PURPOSES OF THE PLAN
A. The Broadcom Corporation 2006 Performance
Bonus Plan (the "Plan")
is intended to promote the interests of Broadcom Corporation (the
"Company") and
its shareholders by establishing a compensation program to provide executives
and other key employees with incentive awards tied to the achievement of goals
relating to the performance of the Company and/or the achievement of individual
performance goals.
B. The Plan shall be in effect for the
Company's fiscal year ending
December 31, 2006 (the "Plan Year"), and bonuses may be earned under
the Plan on
the basis of the Company's financial performance for such Plan Year.
II.
PLAN ADMINISTRATION
A. The Plan shall be administered by the
Compensation Committee of
the Company's Board of Directors.
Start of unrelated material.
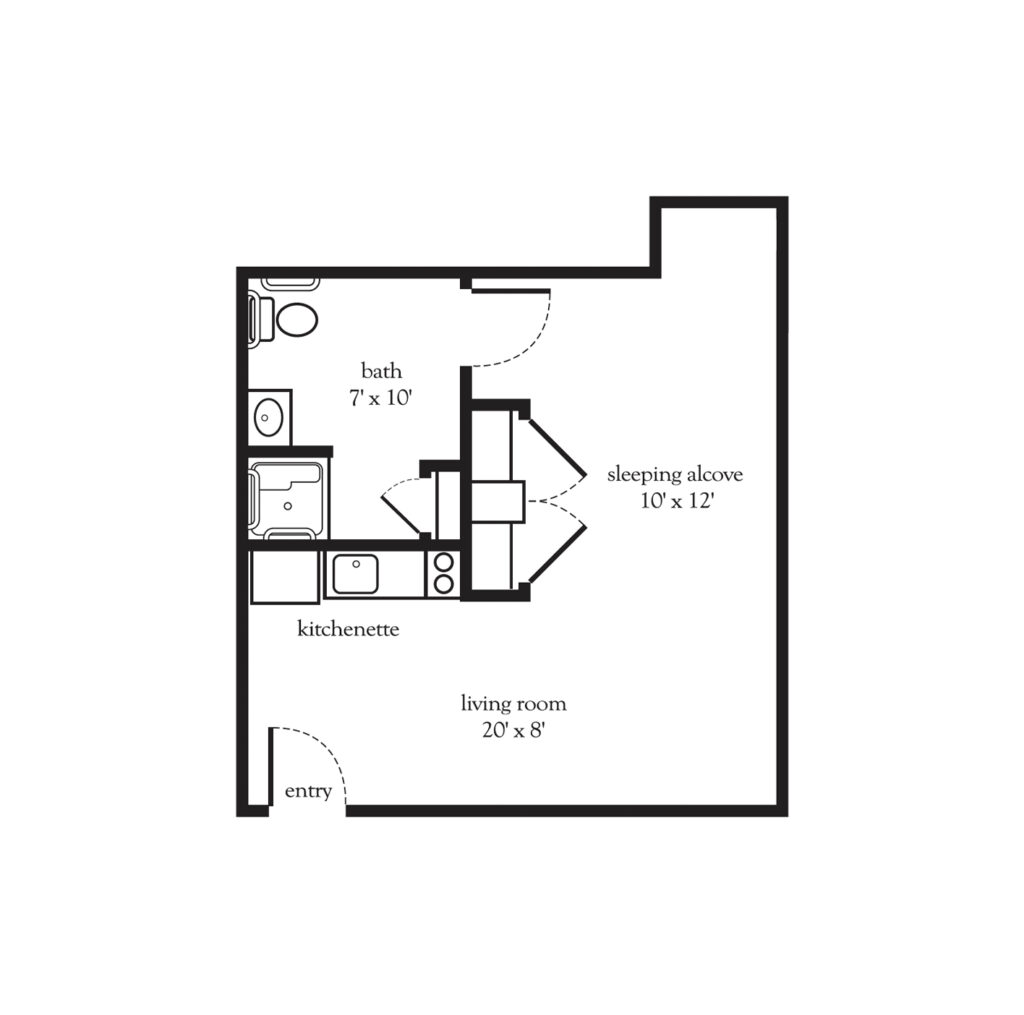 Collier Park layout of a studio apartment with a sleeping alcove, full bath, double closet, and open kitchenette and living room area.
The Compensation Committee in its capacity as
administrator of the Plan (the "Plan Administrator") shall have full
power and
authority (subject to the express provisions of the Plan) to:
(i) establish the performance objectives to be
attained for the
Plan Year in order for participants to become entitled to bonus payments under
the Plan; and
(ii) determine the actual
bonus (if any) to be paid to each
participant based on actual performance relative to the established objectives
for the Plan Year.
B. The Plan Administrator shall also have full
power and authority
to interpret and construe the provisions of the Plan, to adopt rules and
regulations for the administration of the Plan and to determine an individual's
eligibility for participation in the Plan and the amount of the actual bonus
(if
any) to be paid to him or her.
C. Decisions of the Plan Administrator shall be
final and binding
upon all parties who may have an interest in the Plan or any bonus amount
payable under the Plan.
III. PARTICIPATION
A. The individuals who shall participate in the
Plan for the Plan
Year shall be limited to (i) the executive officers of the Company, (ii) all
other employees of the Company (or its subsidiaries) at the level of Director
or
above and (iii) any other employees of the Company (or its subsidiaries)
identified by the Company's Chief Executive Officer as key contributors to the
Company's growth and financial success and selected for participation in the
Plan by the Plan Administrator.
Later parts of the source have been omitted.